● Exercise description
Without adding anything, give again the lines from the one holding "Turista Magazin 2019. februári szám" through the final line of the records, exactly, with both ends included and pictures dropped.

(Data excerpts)
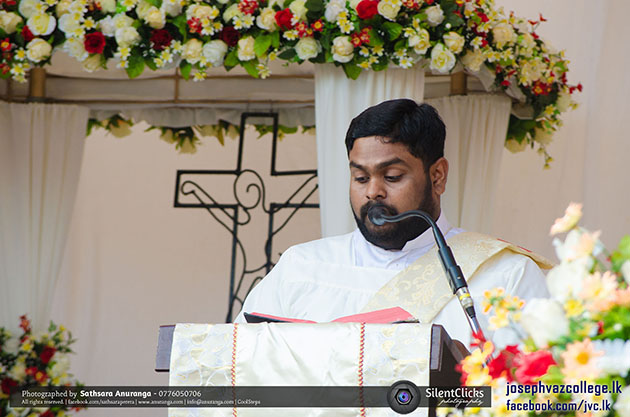 Vespers : Feast Of St.Joseph Vaz - 2015 - Joseph Vaz College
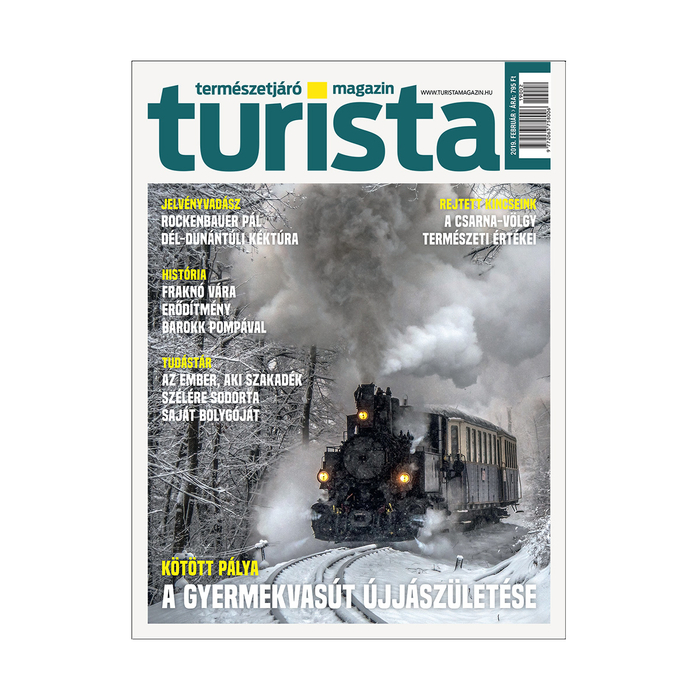 Turista Magazin 2019. februári szám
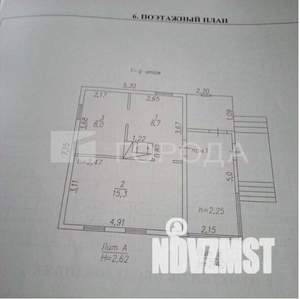 Дом 32м², 2-этажный, участок 9 сот.  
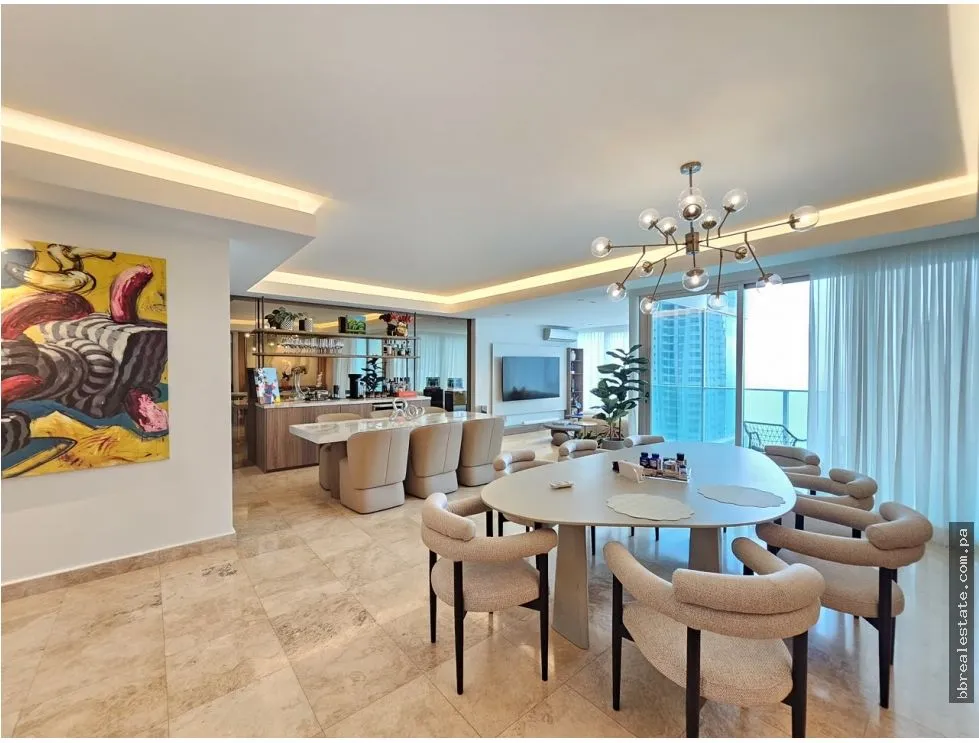 Sale of Apartment in Costa del Este, Ph Titanium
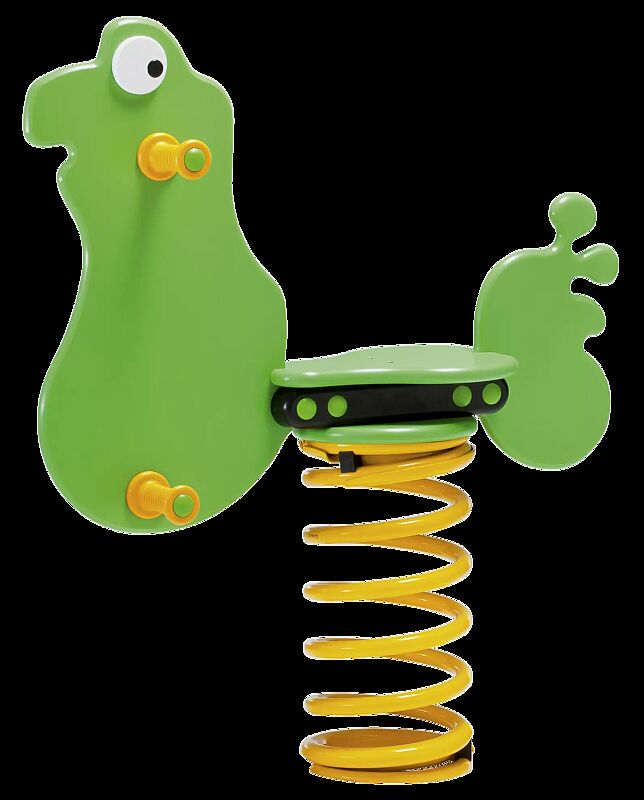 Federwippe ZOO, Modell Frosch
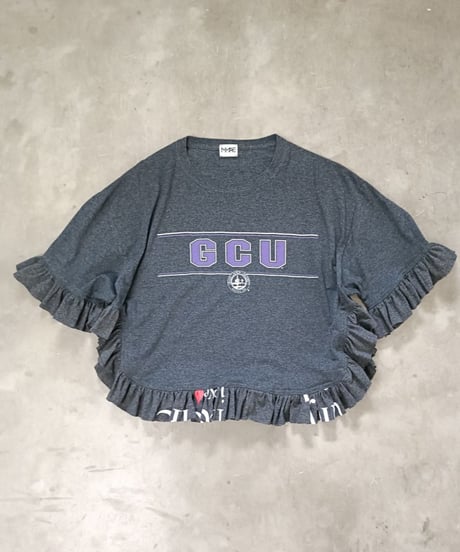 リメイクフリルTシャツ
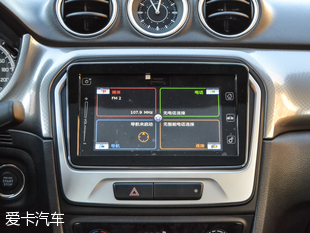 長安鈴木2016款維特拉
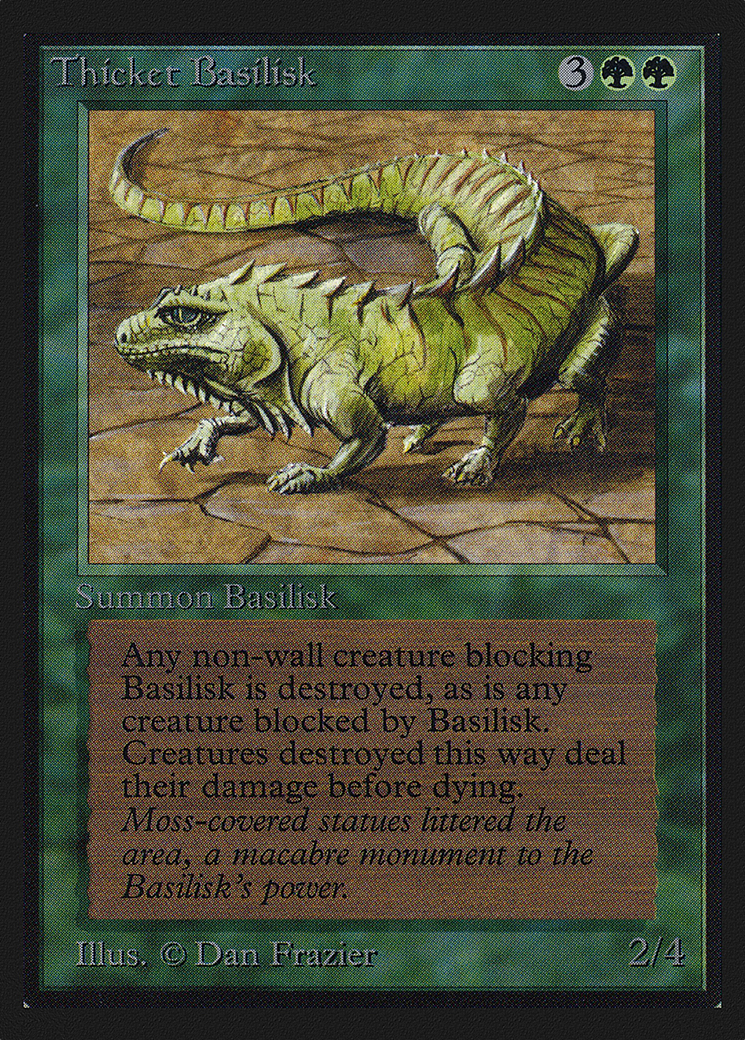 Thicket Basilisk (CED-219)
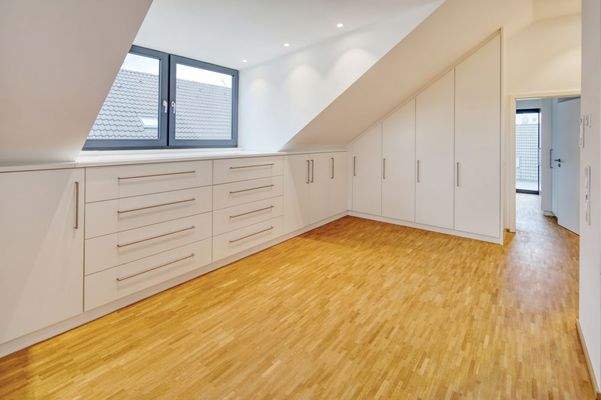 Ankleide - weiterer Blick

● Output
 Turista Magazin 2019. februári szám
 Дом 32м², 2-этажный, участок 9 сот.  
 Sale of Apartment in Costa del Este, Ph Titanium
 Federwippe ZOO, Modell Frosch
 リメイクフリルTシャツ
 長安鈴木2016款維特拉
 Thicket Basilisk (CED-219)
 Ankleide - weiterer Blick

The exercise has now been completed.